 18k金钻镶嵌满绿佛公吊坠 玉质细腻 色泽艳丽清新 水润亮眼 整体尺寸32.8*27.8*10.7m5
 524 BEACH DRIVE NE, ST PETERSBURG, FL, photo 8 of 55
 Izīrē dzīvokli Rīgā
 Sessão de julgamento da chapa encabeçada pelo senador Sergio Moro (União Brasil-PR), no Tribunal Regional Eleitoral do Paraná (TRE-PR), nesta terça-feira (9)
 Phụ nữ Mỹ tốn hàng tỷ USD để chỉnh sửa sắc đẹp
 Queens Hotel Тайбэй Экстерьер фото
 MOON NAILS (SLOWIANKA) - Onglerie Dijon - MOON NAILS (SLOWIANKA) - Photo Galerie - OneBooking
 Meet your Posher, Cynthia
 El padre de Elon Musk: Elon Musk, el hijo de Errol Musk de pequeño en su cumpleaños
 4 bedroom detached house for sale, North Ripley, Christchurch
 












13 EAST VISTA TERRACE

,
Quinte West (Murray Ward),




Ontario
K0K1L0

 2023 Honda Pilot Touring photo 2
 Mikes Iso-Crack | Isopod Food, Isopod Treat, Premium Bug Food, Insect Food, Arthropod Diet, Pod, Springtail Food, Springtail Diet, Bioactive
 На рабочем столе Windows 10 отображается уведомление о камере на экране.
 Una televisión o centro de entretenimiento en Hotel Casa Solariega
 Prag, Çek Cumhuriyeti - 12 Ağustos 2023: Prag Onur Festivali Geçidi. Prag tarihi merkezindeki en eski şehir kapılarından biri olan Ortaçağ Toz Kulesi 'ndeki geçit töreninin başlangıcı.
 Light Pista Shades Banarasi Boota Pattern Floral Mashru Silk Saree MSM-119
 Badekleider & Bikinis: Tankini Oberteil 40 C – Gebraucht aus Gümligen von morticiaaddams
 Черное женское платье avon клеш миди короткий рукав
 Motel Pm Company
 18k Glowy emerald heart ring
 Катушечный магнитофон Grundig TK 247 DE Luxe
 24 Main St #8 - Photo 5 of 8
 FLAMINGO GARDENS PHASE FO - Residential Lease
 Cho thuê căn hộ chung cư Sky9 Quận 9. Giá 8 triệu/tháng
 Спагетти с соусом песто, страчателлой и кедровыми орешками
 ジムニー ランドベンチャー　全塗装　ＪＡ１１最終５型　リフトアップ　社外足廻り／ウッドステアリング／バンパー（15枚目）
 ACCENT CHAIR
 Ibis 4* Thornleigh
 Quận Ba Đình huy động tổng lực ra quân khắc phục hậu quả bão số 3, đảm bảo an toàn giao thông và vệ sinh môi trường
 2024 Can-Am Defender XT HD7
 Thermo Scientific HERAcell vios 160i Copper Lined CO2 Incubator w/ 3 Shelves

^^^^^^^^

:: Task instructions ::
From the line holding "Cho thuê căn" through the final line of the data above, copy every line exactly as written. Include nothing else.

:: Result ::
 Cho thuê căn hộ chung cư Sky9 Quận 9. Giá 8 triệu/tháng
 Спагетти с соусом песто, страчателлой и кедровыми орешками
 ジムニー ランドベンチャー　全塗装　ＪＡ１１最終５型　リフトアップ　社外足廻り／ウッドステアリング／バンパー（15枚目）
 ACCENT CHAIR
 Ibis 4* Thornleigh
 Quận Ba Đình huy động tổng lực ra quân khắc phục hậu quả bão số 3, đảm bảo an toàn giao thông và vệ sinh môi trường
 2024 Can-Am Defender XT HD7
 Thermo Scientific HERAcell vios 160i Copper Lined CO2 Incubator w/ 3 Shelves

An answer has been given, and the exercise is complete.